The second category of features plays on the fact that a connectivity service has more elements than simple packet-pushing. In an IP service, you need address assignment (DHCP), URL resolution (DNS), content caching and address redirect (CDN), for example. Operators routinely provide the first two of this group, but they’re less involved in the third, and they’ve not considered what might lay beyond the obvious-and-current members of the category.
The only potentially money-making service currently recognized in this category is CDN. There are a number of profitable CDN providers, Akamai being the leader, but the network operators have been slow to consider the space. A part of the reason is the “competitive overbuild” challenge; multiple access providers exist in virtually every metro area and each would have to deploy CDN technology to cover all the users. An OTT CDN provider could simply peer with each. CDN networks also require that the metro cache points be fed from some distribution network, but right now the biggest operator issue would be competition from CDN incumbents.
Dodging incumbents means dodging traditional CDN, or at least supersetting it. Two examples come to mind, likely related. The first is ad insertion and the second is “wholesale streaming”.
CDN technology can easily adapt to streaming video. Time-shifted stuff, in fact, is naturally a CDN application, and the distribution of live video via the CDN framework is also possible if the cache points can be fed in at least near-real-time. More and more networks and other players are either getting into streaming or interested, and there are already some accommodations to streaming underway among the CDN giants. An operator CDN might be an ideal mechanism to support a wholesale model of streaming.
Ad insertion is another (related) point.
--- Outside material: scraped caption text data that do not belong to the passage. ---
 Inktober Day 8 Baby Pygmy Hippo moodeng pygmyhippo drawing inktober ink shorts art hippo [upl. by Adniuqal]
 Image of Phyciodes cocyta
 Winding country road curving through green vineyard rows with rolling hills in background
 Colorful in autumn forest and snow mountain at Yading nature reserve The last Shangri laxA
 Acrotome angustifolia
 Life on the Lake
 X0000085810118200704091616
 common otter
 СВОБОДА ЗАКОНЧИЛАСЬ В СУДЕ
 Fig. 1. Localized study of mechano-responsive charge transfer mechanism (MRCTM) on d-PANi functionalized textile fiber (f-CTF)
Programming has natural points where ads make sense and pose a minimal disruption to viewing. Could a network operator offer a means of identifying those places (in material where there isn’t a natural slot already staked out)? Could they then provide ad insertion? It seems possible.
Security opportunities may exist in this space. Virtually all network operators offer email services, but no major effort to promote email security and trust has been launched. Even spam detection features are rare in operator email services. Robo-call blocking is now mandated in some areas, but it’s been a potential security feature for over a decade, and operators have failed to capitalize on it. However, this is another area where operators would now face competition that moving faster might have dodged.
The last of our three categories, exploiting yet-unrealized service opportunities, is probably the most interesting and yet the most challenging for operators. Interesting for two reasons; there’s little or no competition in these areas, and the potential revenue upside is likely the largest of any of our categories. Challenging in that addressing any opportunity in this third category will be likely to create culture shock, and also require a considerable “first-cost” capital investment.
The biggest opportunity in this category by far is what I’ve been calling contextual services. We could visualize computing’s evolution over the last 70 years as a continual initiative to move computing closer to us, with smartphones being the most recent step. The value to that is its support for activities, rather than an insistence that activities shape themselves around computing. “Point-of-activity empowerment”, in other words. In order to offer that, we need information resources to be presented in the context of our lives and work.
“Context” is a complex relationship between where we are and indicators of our current interests and activities. Every aspect of our behavior sheds contextual clues, but many aren’t readily visible to software and thus available as a factor in tuning information presentation. Location is an example; we know where we are (most of the time, anyway), and we also know where many others are. We know our current mission, and we can often infer the mission of others by watching their behavior. If all that knowledge were available to software, we can likely imagine the value of the information the software could deliver. The challenge is making it known.
When telephony was first imagined, it was clear to most that the cost of creating a national phone network would be enormous, so great that nobody would likely do it except as a protected monopoly. The cost of creating the framework needed for contextual services would be very large too, but likely within multiple players in today’s market. Of them, the network operators have the advantage of a historically large tolerance to low rates of return and high initial deployment costs (“first costs”). Since contextual services would have to track us in the real world and conform to our changes in focus, they’d likely have to rely on edge computing, which means edge real estate to house them. Operators have that too.
In a sense, contextual services return us to something like the original notion of the “Internet of Things”. That original model aimed to foster a widespread deployment of “things” on the Internet, as free to be leveraged to create new applications and services as the Internet itself. It’s pretty easy to see how a collection of sensors could be used to track traffic conditions, even detect collisions. Something like this could form the basis of a whole new layer of navigation systems, paralleling the traditional GPS. The question would be who spent the money to deploy and secure everything. Operators could do that, and they could also provide resources to host the “virtual agent” that would collect other contextual information and format it for wholesaling.
The motivation for operators to make the investment would be that wholesale revenue. Not revenue from renting access to sensors, but revenue created by encapsulating all the data, mulching it into useful form, and exposing it to partners via APIs. You don’t get traffic information from intersection sensors, you get counts of passing vehicles. There’s a higher-level process needed to correlate information from multiple sensors with street maps, and that process is what provides “traffic” data. Rather than having everyone try to derive the information from sensors (impossible, since all the attempted accesses would create what is in effect a denial-of-service attack on the sensors), the operators could expose services, and earn revenues.
This is what I think the ultimate in AT&T’s model of a service that promotes other services would look like. My model says that it could generate several hundred billion dollars in worldwide revenues for operators, and a like amount (or more) in higher-layer partner revenues. It’s a big lift for operators to think this way, though, and I don’t think we’ll have a reliable indicator of whether any will make the move until we see how they deal with the more comfortable categories of new features. We may have some insights into that later this year.